Hiba, 20, a student, said: “I heard the sound of the bombing, like everyone in Raqqa. I can already see the success of these strikes. Isis fighters have already started leaving the city, following their families, who they evacuated a while ago.
“There are no words to describe the bombing. It was a scene I wouldn’t wish my worst enemy to face. I was on the balcony with my little sister and we could hear the sound of planes and I was joking with her and said: ‘Comb your hair and smile, you are being filmed.’
“Later the bombing started and we all ran to the living room, everyone screaming and running in different directions. We didn’t know what to do. Our neighbour went to the hospital and asked if they needed blood and they said no because they haven’t got any injuries. Most people who left their homes live near Isis headquarters. We won’t leave our home. There is no point. We believe in destiny.”
Reem, 20, a university student, sheltered at home with her four younger sisters and parents. “My mum doesn’t want us to leave. She says we will stay home like the rest of the people in the city,” she said. “We have nowhere else to go. My little sisters kept crying when they heard the bombing. They are still panicking. There are very few shelters in the city and all we can do is hide on the ground floor of our home and gather together in one room.
“I don’t know of any civilians being killed. Isis is quiet now and they haven’t made any speeches yet. Today, it is rather quiet but the market is now open again and I see people in the streets.
“I believe the air strikes will bring some good results. Even if they manage to damage Isis a little bit, I am for them. We are fed up with Isis and the air strikes are much better than the Assad attacks on Raqqa. Assad doesn’t attack Isis, he attacks us. We want to get rid of Isis even if that means we will lose some of our people. This is the price we have to pay to have our freedom back.”

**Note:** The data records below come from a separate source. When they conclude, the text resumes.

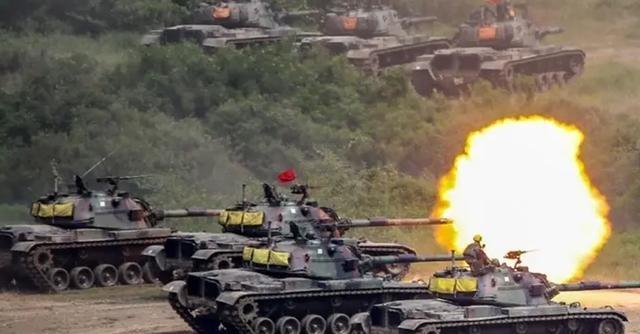 美智库20次台海战争兵推，得出一个绝望结论！


美国战略与国际研究中心，简称C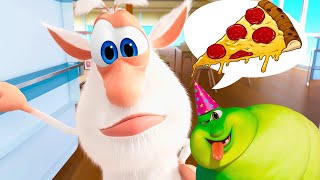 Booba 🤪 LACHEN UND ABENTEUER OHNE ENDE FÜR KINDER! 💥 Cartoons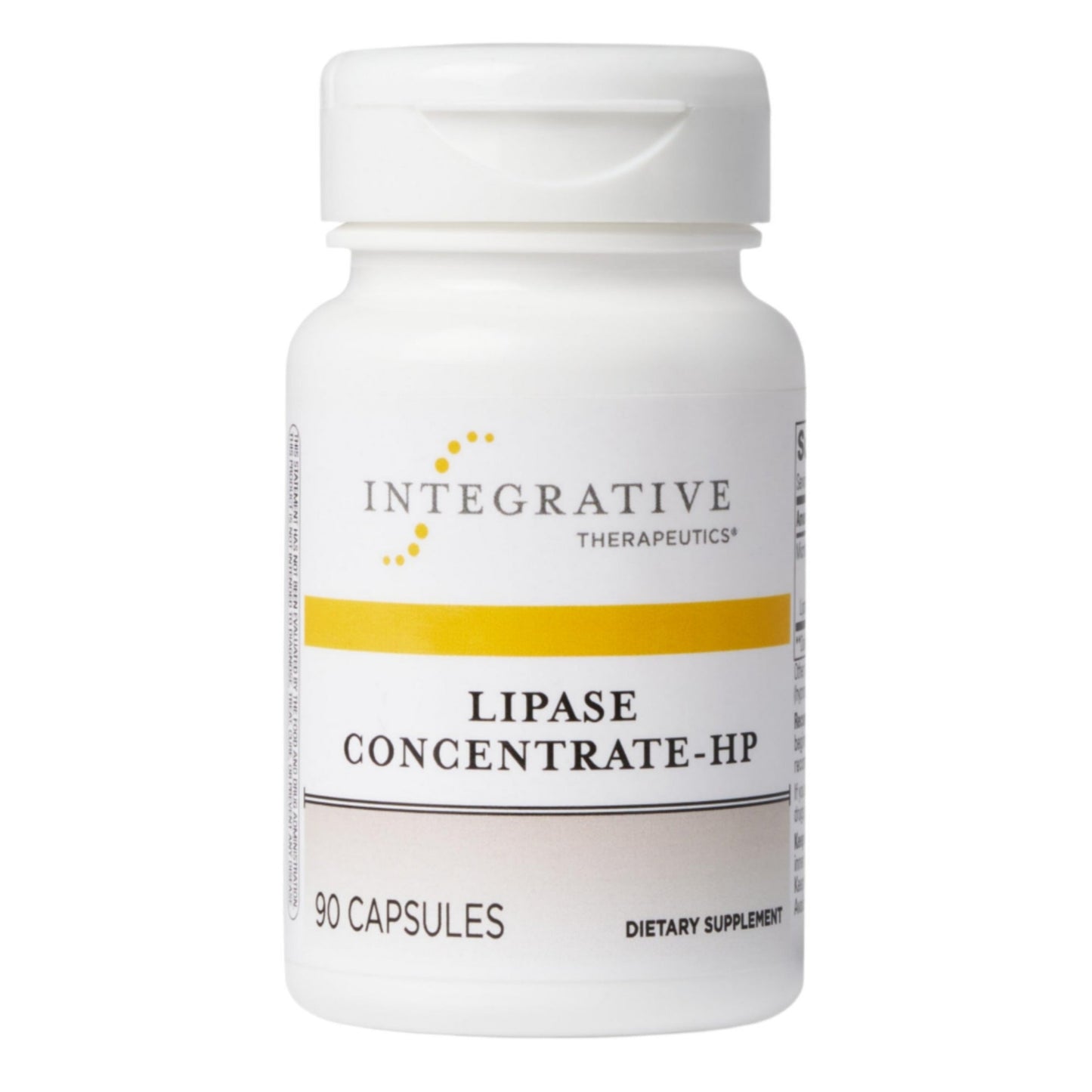 Lipase Concentrate-HP
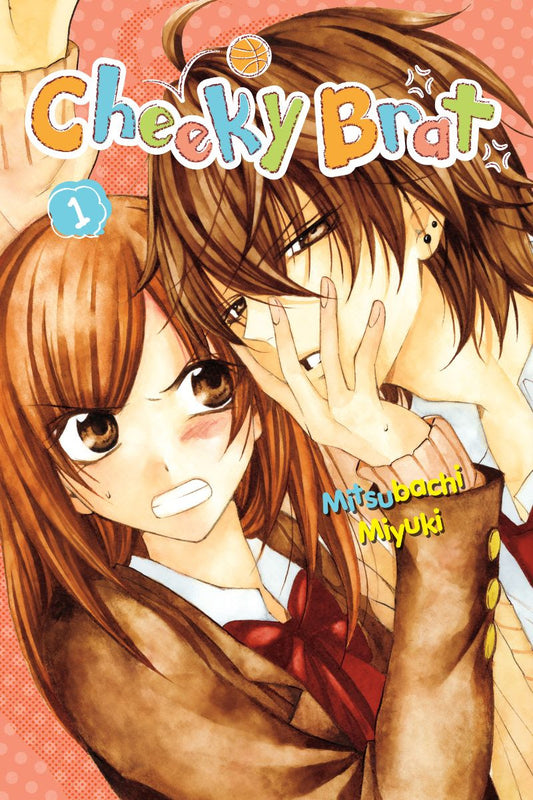 Cheeky Brat, Vol. 1 by Mitsubachi, Nibley, Alethea, Nibley, Athena, Blakeslee, Lys Miyuki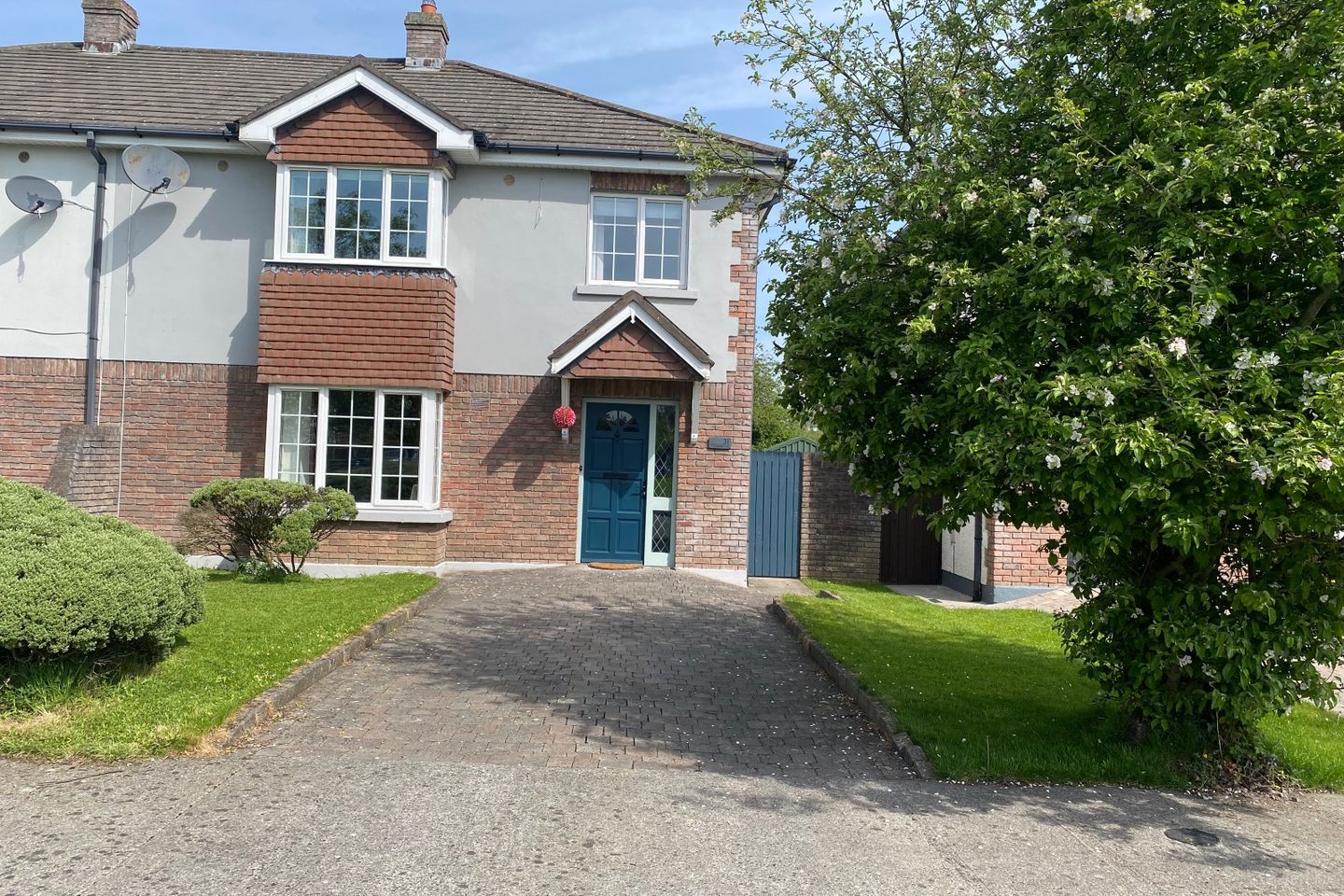 31 Curragh Park, Carlanstown, Kells, Carlanstown, Co. Meath, A82K7K5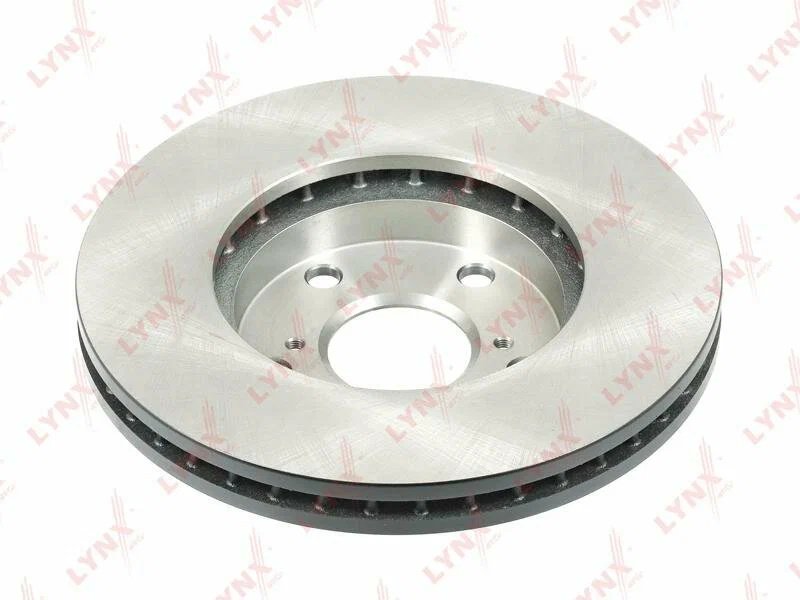 Диски LYNXauto передние BN1152 купить,42490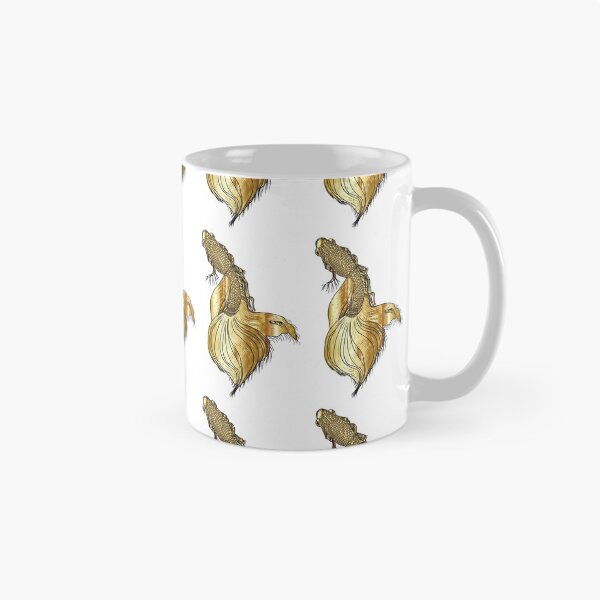 Item preview, Gold Tropical Zebrafish designed and sold by sasijaya.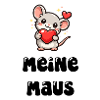 Meine Maus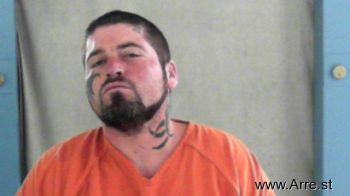 Timothy Lynn Robinson  Jr. Mugshot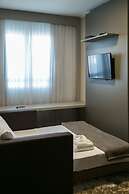 Tri Hotel Premium Criciuma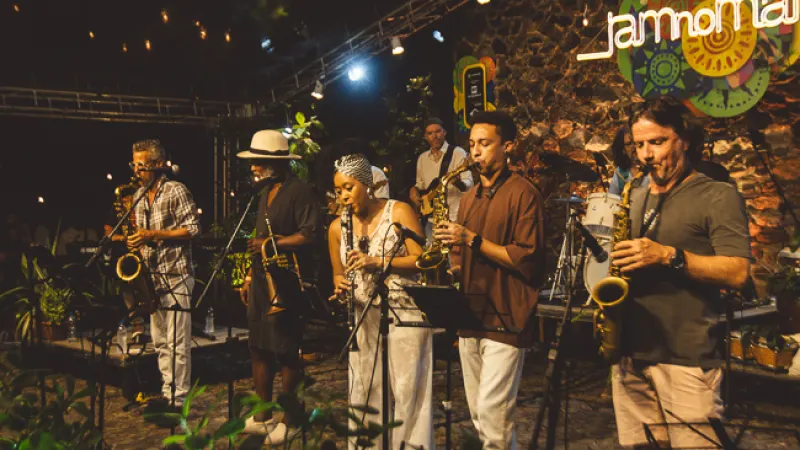 JAM no MAM homenageia Hermeto Pascoal em edição especial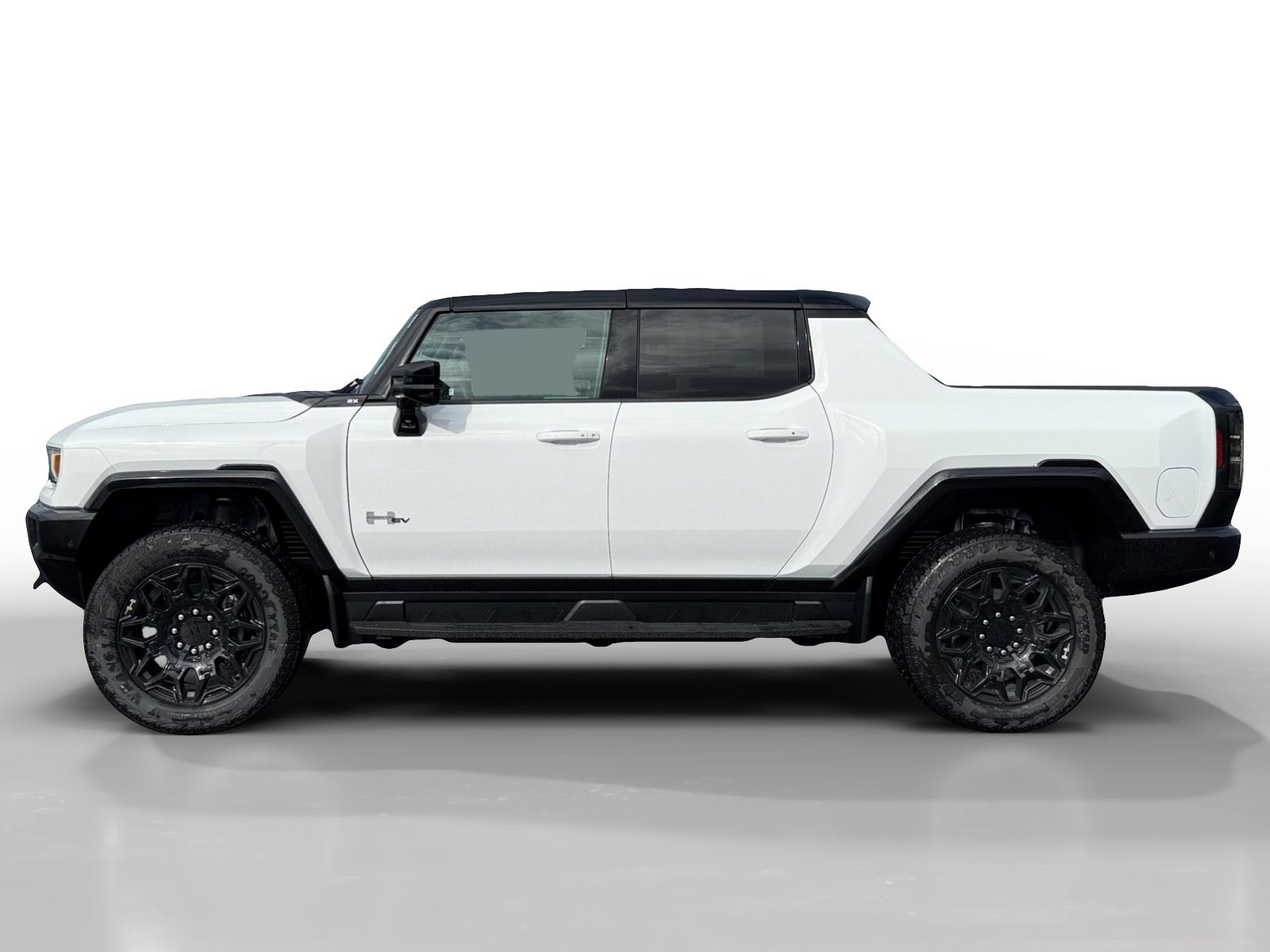 Used 2026 GMC HUMMER EV 2X with VIN 1GT4EADD9TU602169 for sale in Vallejo, CA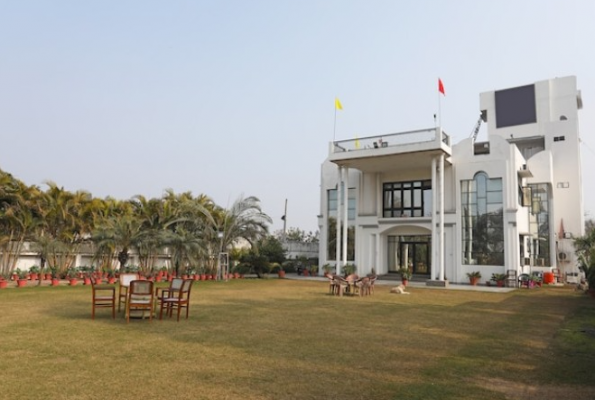 Shree Kanha Shyam Hotel And Banquet 4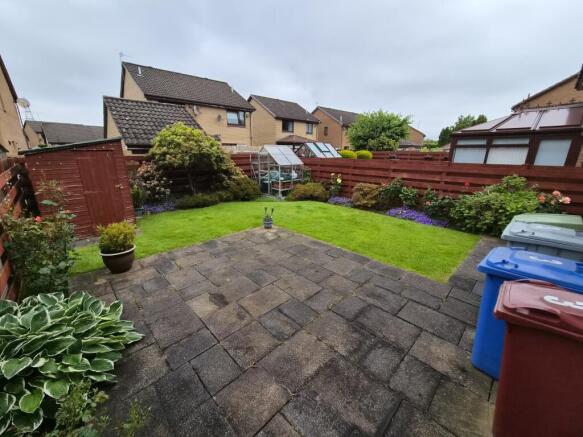 Katrine Place, Cambuslang, Glasgow, South Lanarkshire photo 4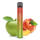 Elf Bar 600 V2 - Apple Peach - E-Zigarette - Mesh Coil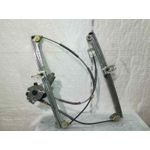 Elevalunas Delantero Derecho Para Citroen Xsara Berlina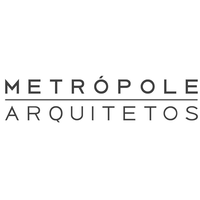 Metrópole Arquitetos logo, Metrópole Arquitetos contact details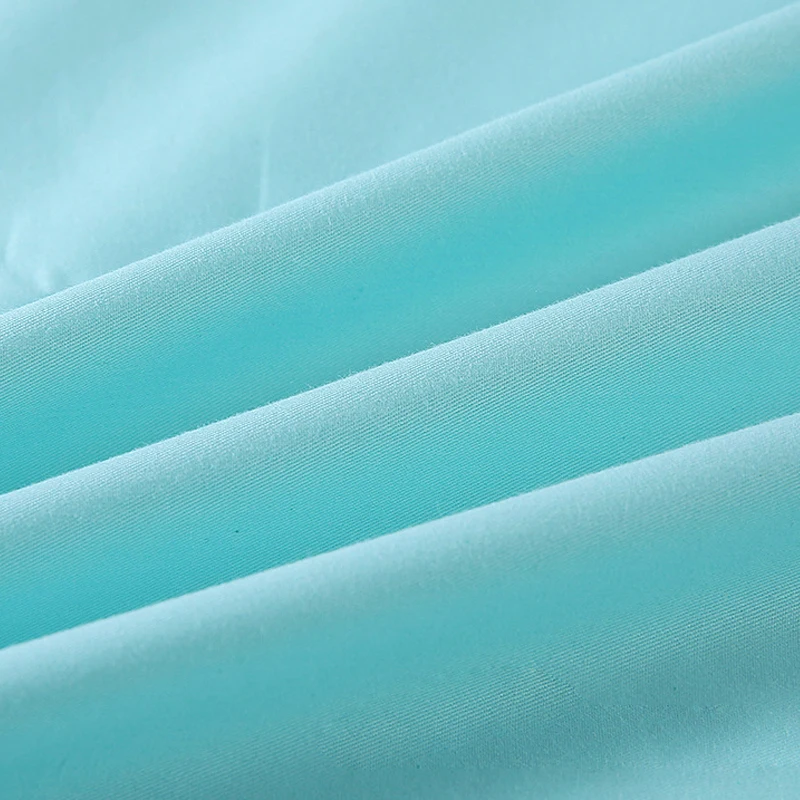 TERAMILA250 X 50cm 100%Cotton Fabrics For Making Clothes Bed Sheet Quilt Cover Bedspread Handmade Bedding Cloth Per by the Meter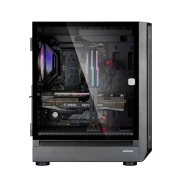 Zalman I6 Black Fixed RGB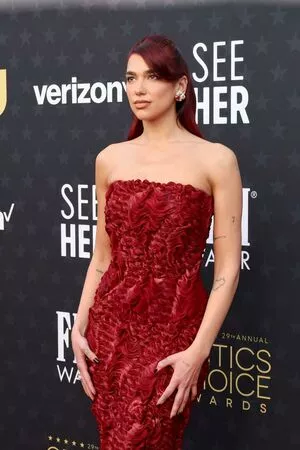 Dua Lipa OnlyFans Leaked Free Thumbnail Picture - #M5QnukMdZ1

Another local resident, Yasir, 25, said: “I’ve heard that 30 Isis fighters were killed. We in Raqqa are split in our opinions about the air strikes. Many of us were upset as we heard today that Idlib was attacked and some headquarters of Jabhat al-Nusra and Ahrar al-Sham were hit. We feel that the air strikes aren’t against Isis, but against other groups. In the beginning, I was excited. But now I fear these attacks and the motivations behind them.”
Ahmed Sayel, 40, said: “I contacted a friend of mine who is an Isis fighter and he assured me it was a US air strike. He said some fighters are now martyrs, but I don’t know the number … I am not with these attacks as I know that it will only lead to the deaths of the Sunnis. I am pretty sure it won’t affect the Assad regime.”